Moran's I Statistic¶
To compute the Moran's I statistic, we will use the esda
package.
"Moran’s I captures much of the essence of the Moran Plot. In fact, there is a close connection between the two: the value of Moran’s I corresponds with the slope of the linear fit overlayed on top of the Moran Plot."
# !pip install esda
import esda
moran = esda.Moran(stromalnuclei["immune_index"], w)
moran.I
0.8723745127666674
The obtained Moran's I statistic tells us that there is a positive spatial autocorrelation in the immune cell index
moran.p_sim
0.001
P-values for accepting/rejecting the hypothesis that the variable (immune index) is randomly distributed spatially across the cells. This p-value is computed over 999 simulations of spatially randomly distributed variable immune indices, thus, the oddly specific p-value. From these results, we can conclude that the cells in the stroma displays more spatial pattern than we would expect if the immune index of the cells had been randomly allocated to random locations.

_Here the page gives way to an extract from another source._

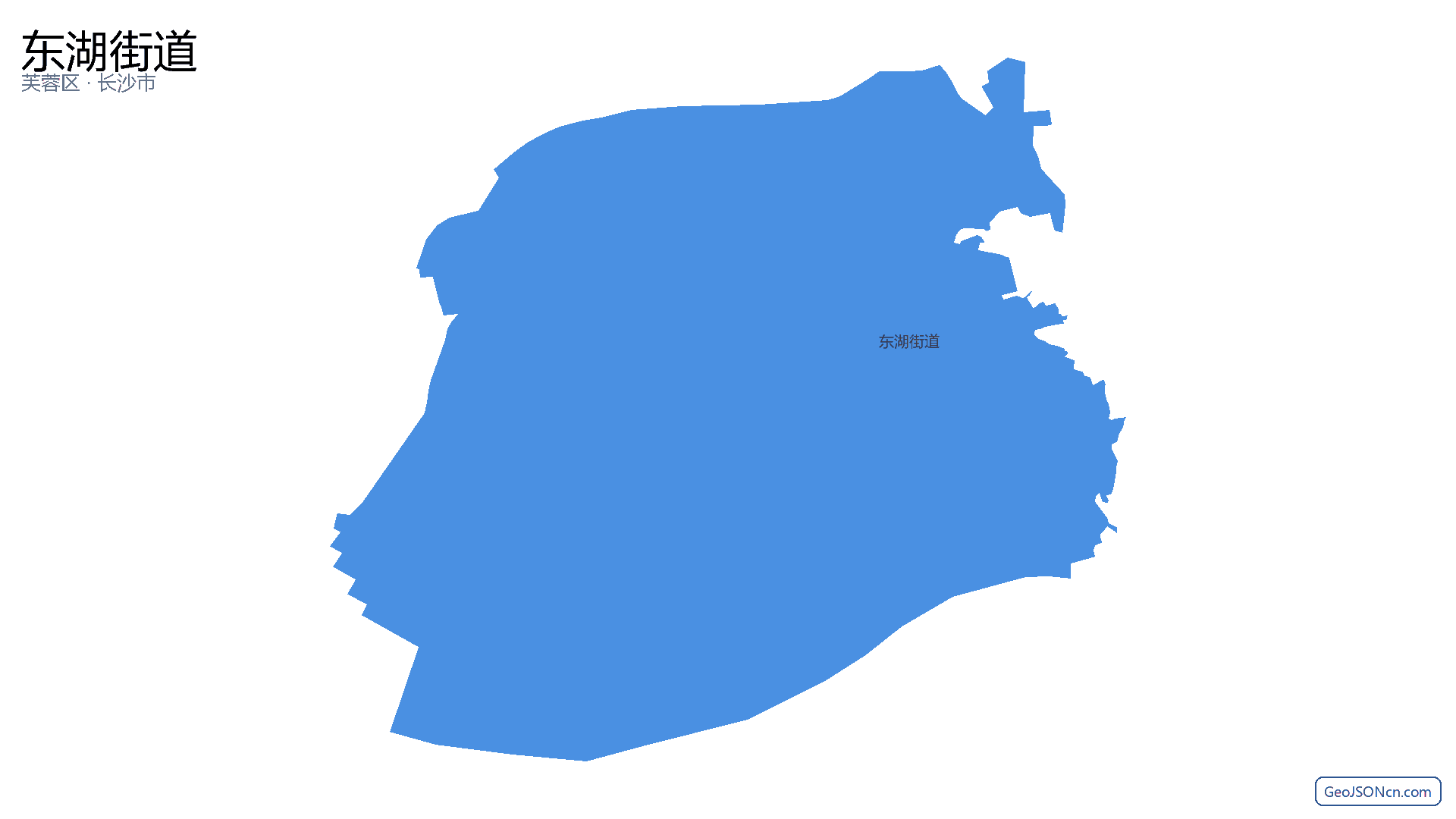 东湖街道行政区划边界地图（芙蓉区·长沙市）,提供GeoJSON、SHP矢量边界数据下载及高清地图大图(PNG/JPG) - GeoJSONcn.com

Plotting the Immune Cell Index¶
Lastly, let's visualize the immune cell fraction and immune cell count on the tissue to see whether the immune cells tend to form spatial clusters and localize nearby each other.
ax = tissues.plot(
figsize=(10, 15),
column="class_name",
alpha=0.1,
legend=True,
aspect=None,
)
ax = stromalnuclei.plot(
ax=ax,
column="immune_index",
legend=True,
aspect=None,
scheme="Quantiles",
cmap="turbo"
)
ax.set_title("Immune Cell Index of Cells Within Stroma")
ax.set_axis_off()
Just by eyeballing the plot, it's quite obvious that the cells with high immune cell index tend to cluster together. These can be seen as the red 'hotspots' in the plot. This is also supported by the Moran's I statistic and Moran plot. Another thing to notice here, is that the hotspots localize close to the pre-cancerous lesions - an indication of immune infiltration. We will dig into this in more detail in the next notebook.